Attempting to find another advisor to work with, I contacted my English Junior I.S. advisor, only to discover that she would be taking a job elsewhere. For my second major, my current advisor will only be helping students in another discipline, and I need to start making new connections as a junior. Whoever decides which professors’ contracts are renewable does not consider the harm inflicted on the students who go here for mentorship opportunities. The College of Wooster promotes its “core values” of liberal arts traditions and diversity and inclusion with mascot changes and statistics on international students. When it comes down to it, they choose in-person classes over keeping Black faculty members.

Black and POC students are desperately missing POC mentors, especially women of color. Considering Wooster provides so much financial aid for lower-income students, finding mentors who understand the institutional and complex struggles with balancing private higher education is incredibly frustrating. All this within a school with students from the complete opposite tax bracket. And, considering Wooster markets and profits off of so many international students choosing this school, it is interesting that the school vehemently disagrees with online classes and does not do more to support minority faculty and students. Prioritizing a shuffle of professors and rotating mentors/advisors around does not seem sustainable to Wooster’s current goal of fostering relationships between faculty and students.

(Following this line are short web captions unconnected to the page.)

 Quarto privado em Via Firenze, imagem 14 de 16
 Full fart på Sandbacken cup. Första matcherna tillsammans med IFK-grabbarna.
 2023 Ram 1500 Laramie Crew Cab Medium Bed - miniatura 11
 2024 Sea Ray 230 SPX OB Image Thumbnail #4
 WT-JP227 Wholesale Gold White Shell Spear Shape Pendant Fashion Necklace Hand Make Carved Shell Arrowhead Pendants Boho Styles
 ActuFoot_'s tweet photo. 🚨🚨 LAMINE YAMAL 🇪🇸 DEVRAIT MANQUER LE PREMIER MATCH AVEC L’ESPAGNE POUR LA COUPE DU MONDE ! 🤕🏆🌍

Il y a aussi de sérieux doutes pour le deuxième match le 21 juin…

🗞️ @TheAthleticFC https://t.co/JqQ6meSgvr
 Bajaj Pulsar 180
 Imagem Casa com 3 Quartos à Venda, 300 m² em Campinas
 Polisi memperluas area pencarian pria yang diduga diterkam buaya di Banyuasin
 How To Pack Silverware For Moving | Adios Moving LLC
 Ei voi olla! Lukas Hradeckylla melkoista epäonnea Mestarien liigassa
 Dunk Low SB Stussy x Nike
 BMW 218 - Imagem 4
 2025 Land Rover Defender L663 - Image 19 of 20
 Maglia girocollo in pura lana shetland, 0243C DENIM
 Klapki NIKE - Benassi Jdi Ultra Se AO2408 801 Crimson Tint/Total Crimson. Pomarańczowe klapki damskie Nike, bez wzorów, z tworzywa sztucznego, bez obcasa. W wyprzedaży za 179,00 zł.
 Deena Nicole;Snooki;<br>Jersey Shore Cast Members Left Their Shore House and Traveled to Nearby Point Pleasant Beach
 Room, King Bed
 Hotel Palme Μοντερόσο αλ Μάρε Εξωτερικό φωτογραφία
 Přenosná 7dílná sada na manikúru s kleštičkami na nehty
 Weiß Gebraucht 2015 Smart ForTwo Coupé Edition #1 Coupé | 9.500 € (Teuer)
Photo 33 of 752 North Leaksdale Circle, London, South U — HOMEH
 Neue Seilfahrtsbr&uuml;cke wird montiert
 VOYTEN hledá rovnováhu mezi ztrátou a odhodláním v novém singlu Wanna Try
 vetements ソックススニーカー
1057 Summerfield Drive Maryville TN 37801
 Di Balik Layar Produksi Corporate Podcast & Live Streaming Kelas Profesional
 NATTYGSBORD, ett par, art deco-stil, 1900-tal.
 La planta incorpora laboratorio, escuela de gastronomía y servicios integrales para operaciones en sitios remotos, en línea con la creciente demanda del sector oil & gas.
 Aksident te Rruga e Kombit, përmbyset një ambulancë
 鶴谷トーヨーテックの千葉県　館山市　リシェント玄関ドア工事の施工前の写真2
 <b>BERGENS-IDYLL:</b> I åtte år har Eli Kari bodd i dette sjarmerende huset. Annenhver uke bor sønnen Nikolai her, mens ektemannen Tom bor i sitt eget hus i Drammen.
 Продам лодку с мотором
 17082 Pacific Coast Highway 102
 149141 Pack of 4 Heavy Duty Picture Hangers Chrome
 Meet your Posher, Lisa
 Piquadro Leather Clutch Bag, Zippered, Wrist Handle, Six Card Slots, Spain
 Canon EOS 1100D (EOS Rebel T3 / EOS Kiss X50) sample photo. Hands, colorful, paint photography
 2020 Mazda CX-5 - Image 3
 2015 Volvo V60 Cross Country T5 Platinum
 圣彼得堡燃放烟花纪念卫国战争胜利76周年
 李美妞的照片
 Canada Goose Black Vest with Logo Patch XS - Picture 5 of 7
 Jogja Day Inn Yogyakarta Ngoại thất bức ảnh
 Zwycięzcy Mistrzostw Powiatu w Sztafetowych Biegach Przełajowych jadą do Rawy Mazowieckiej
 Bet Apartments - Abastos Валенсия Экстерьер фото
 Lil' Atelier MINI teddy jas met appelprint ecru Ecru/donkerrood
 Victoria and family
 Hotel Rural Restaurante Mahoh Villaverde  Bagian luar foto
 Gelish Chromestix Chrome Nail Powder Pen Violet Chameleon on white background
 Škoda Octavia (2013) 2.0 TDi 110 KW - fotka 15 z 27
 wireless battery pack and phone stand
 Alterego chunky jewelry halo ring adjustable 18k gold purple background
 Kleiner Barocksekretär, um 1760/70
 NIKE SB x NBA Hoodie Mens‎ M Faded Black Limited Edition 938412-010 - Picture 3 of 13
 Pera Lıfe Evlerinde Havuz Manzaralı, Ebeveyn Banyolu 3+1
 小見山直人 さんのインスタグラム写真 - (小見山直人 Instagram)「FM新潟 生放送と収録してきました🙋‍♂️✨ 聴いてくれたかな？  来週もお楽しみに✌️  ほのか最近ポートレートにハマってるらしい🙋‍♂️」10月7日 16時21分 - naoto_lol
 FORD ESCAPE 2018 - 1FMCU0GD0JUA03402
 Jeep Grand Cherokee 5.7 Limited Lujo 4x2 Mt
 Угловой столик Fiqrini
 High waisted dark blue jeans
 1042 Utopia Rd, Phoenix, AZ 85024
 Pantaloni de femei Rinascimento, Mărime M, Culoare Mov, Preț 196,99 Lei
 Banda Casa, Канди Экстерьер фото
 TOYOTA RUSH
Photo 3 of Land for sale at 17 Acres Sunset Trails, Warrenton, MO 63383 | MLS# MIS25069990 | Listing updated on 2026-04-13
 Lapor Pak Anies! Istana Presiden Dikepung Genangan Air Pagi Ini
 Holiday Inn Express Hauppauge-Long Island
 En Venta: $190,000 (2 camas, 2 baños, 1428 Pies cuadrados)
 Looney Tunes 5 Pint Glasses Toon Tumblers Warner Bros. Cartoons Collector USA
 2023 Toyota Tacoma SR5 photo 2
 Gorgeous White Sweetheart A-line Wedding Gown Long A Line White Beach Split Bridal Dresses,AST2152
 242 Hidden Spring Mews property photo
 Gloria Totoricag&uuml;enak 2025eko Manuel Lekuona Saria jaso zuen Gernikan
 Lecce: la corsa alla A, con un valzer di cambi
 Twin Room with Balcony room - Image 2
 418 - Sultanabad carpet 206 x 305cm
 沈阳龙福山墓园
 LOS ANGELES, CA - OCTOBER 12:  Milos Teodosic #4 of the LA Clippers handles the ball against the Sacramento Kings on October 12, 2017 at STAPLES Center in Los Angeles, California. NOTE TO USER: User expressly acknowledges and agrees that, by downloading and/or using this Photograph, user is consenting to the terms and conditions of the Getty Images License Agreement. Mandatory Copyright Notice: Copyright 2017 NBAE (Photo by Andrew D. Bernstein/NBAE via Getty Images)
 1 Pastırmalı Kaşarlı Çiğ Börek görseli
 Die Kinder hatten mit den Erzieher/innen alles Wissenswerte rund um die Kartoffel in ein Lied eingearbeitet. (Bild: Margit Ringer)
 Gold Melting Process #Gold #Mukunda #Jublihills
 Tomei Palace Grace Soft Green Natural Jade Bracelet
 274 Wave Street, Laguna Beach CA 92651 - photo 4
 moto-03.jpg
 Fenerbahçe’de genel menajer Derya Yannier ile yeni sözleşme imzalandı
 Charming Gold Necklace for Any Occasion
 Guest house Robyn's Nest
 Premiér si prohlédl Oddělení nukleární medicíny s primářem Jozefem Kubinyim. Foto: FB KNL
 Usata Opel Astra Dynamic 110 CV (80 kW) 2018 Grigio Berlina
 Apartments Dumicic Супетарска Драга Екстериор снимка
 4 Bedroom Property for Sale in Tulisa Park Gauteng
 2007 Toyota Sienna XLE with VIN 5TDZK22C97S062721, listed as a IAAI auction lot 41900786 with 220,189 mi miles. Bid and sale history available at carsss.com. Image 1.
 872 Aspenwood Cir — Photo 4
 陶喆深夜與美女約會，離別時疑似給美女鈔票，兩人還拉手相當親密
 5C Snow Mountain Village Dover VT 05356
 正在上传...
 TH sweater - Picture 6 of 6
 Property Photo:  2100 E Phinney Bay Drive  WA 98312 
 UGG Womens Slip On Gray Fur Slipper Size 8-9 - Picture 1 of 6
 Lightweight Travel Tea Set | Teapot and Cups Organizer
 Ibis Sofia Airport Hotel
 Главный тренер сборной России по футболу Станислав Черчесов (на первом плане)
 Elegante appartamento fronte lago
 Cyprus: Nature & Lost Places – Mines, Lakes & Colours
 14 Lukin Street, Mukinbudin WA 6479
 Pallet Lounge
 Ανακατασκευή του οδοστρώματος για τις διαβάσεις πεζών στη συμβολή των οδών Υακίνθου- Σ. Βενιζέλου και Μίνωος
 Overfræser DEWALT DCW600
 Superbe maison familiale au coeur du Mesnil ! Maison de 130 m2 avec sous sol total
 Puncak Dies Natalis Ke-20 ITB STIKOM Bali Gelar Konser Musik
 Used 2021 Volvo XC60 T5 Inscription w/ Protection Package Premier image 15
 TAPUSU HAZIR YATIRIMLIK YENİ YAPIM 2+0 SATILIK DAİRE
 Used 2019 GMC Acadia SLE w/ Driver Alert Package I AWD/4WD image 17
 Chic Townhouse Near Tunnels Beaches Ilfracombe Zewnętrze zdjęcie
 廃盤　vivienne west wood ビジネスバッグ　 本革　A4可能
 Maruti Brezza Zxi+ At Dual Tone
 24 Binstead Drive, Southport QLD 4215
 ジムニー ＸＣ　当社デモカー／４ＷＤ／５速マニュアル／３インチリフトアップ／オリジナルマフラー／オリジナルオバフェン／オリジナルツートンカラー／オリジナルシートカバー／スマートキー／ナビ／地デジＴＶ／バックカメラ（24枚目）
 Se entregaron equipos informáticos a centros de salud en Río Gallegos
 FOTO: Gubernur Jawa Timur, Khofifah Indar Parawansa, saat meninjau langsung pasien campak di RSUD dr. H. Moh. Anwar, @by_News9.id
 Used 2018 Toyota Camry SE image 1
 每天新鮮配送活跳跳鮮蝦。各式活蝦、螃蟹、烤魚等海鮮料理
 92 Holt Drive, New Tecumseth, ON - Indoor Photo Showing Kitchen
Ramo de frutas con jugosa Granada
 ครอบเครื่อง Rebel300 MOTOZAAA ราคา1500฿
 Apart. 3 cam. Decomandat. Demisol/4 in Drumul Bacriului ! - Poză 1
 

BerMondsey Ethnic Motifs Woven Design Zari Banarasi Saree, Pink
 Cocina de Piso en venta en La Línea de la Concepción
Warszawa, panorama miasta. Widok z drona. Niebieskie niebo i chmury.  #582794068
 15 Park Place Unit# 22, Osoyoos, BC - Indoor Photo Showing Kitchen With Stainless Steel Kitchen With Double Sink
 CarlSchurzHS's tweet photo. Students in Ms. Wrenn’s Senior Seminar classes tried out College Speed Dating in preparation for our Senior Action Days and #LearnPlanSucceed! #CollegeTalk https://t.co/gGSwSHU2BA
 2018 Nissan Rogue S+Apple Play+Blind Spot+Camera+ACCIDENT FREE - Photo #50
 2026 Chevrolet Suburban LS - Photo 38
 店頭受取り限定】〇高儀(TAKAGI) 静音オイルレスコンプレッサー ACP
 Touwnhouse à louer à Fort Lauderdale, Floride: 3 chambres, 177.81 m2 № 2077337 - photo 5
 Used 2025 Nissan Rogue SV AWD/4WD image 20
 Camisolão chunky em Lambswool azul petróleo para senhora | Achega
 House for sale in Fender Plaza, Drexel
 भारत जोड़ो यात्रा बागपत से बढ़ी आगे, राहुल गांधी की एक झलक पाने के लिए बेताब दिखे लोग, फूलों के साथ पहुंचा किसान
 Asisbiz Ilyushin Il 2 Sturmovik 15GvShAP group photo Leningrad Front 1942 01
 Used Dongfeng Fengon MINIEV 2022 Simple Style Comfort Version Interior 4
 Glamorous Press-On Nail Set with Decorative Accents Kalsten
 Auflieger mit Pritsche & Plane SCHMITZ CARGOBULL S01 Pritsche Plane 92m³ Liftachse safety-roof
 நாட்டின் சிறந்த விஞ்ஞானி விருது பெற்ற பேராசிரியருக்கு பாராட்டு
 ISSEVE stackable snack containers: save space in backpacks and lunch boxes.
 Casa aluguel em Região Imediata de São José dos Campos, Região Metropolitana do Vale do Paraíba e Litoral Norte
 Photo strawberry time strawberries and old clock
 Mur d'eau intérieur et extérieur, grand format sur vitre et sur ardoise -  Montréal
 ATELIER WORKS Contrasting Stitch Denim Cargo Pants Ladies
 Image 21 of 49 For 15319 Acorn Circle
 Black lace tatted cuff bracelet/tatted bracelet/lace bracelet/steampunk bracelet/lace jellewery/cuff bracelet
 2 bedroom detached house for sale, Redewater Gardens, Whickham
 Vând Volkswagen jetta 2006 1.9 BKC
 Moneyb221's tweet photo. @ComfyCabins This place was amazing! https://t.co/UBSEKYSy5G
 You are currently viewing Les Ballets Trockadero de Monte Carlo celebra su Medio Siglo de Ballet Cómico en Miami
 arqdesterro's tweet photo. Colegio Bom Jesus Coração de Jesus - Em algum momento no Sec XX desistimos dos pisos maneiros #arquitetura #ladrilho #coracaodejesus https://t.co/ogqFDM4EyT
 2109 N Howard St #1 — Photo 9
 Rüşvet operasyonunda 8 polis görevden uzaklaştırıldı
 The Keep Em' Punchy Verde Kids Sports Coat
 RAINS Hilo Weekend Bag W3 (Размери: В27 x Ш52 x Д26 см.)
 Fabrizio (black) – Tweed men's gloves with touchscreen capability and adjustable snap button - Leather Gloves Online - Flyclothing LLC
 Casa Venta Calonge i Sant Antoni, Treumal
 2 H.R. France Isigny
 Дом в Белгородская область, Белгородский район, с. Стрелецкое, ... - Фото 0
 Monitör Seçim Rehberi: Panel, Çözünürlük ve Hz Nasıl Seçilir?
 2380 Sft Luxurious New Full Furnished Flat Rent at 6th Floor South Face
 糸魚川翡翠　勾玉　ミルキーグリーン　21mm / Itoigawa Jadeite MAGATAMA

But, the problem needs to change, as no one can institutionally fix this quick turn-around of associates or visiting professors. First, professors are overwhelmed with the amount of work required for their salary. They also form new courses every semester and are presented with a lack of opportunities in Wooster. On top of that, Wooster promotes diversity and inclusion, but faculty and students are isolated from the town for fear of hate crimes and violence. What keeps the staff here if they love the students yet fight against everything else?

A solution could include pairing each student with a member of the career center, paying faculty more and encouraging hiring tenured faculty to deliver on the promise of mentorship offered for students. I know the staff here supports me fully, yet how much can be done when everything is out of my own and my mentors’ hands? Who truly has the agency at this institution, if not teachers here, and not the people who pay for this education? The College of Wooster could increase faculty hiring and firing transparency. They could also listen to groups of minorities on how they want their education to look and include the students in the mentorship process. Therefore, it is up to students to regain their agency on who they want to work with and form a working relationship.